DATA EXTRACT:
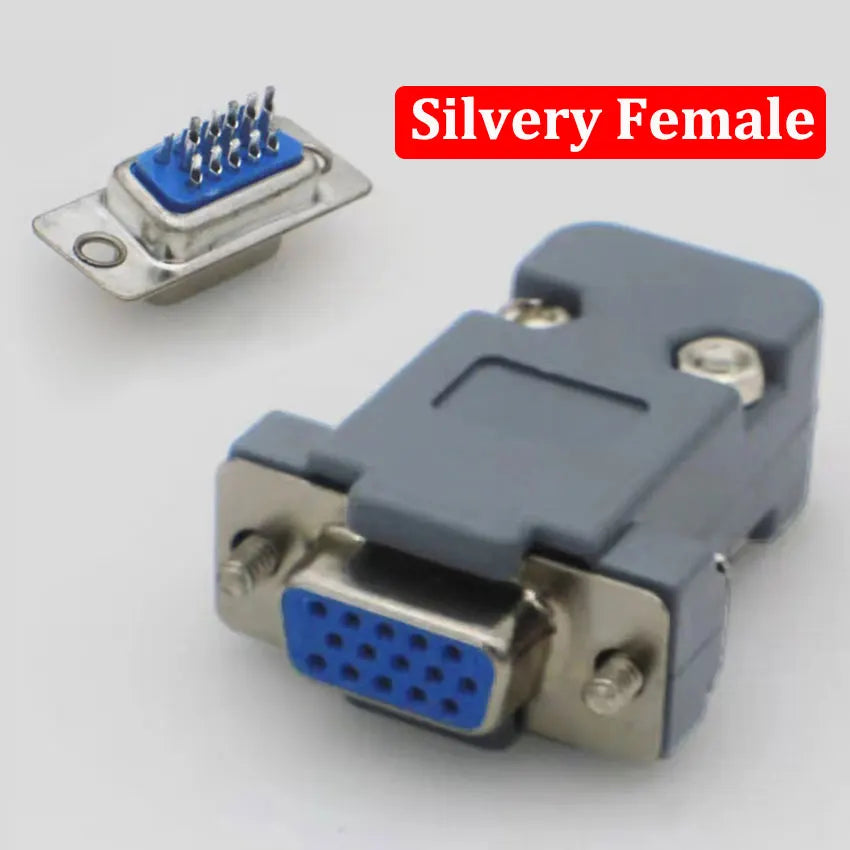 DB15 VGA Solder Connector Plug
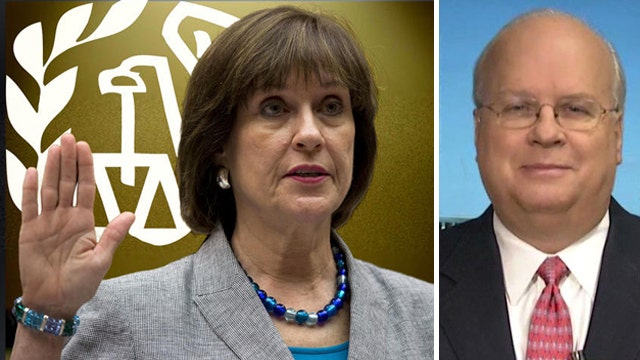 Karl Rove: Stakes are 'high' in IRS profiling scandal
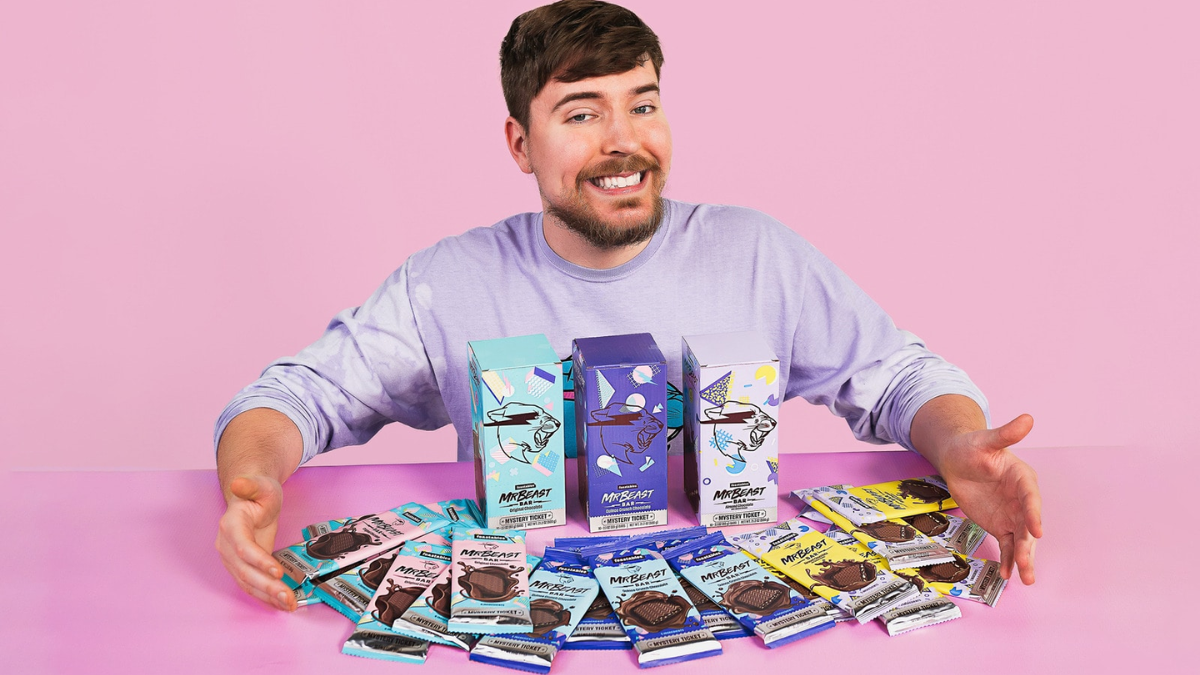 El chocolate de MrBeast llegó a la Argentina y su precio sorprendió a todos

EXERCISE BRIEF: Copy every line of the data word for word, omitting the images.

REPLY:
 DB15 VGA Solder Connector Plug
 Karl Rove: Stakes are 'high' in IRS profiling scandal
 El chocolate de MrBeast llegó a la Argentina y su precio sorprendió a todos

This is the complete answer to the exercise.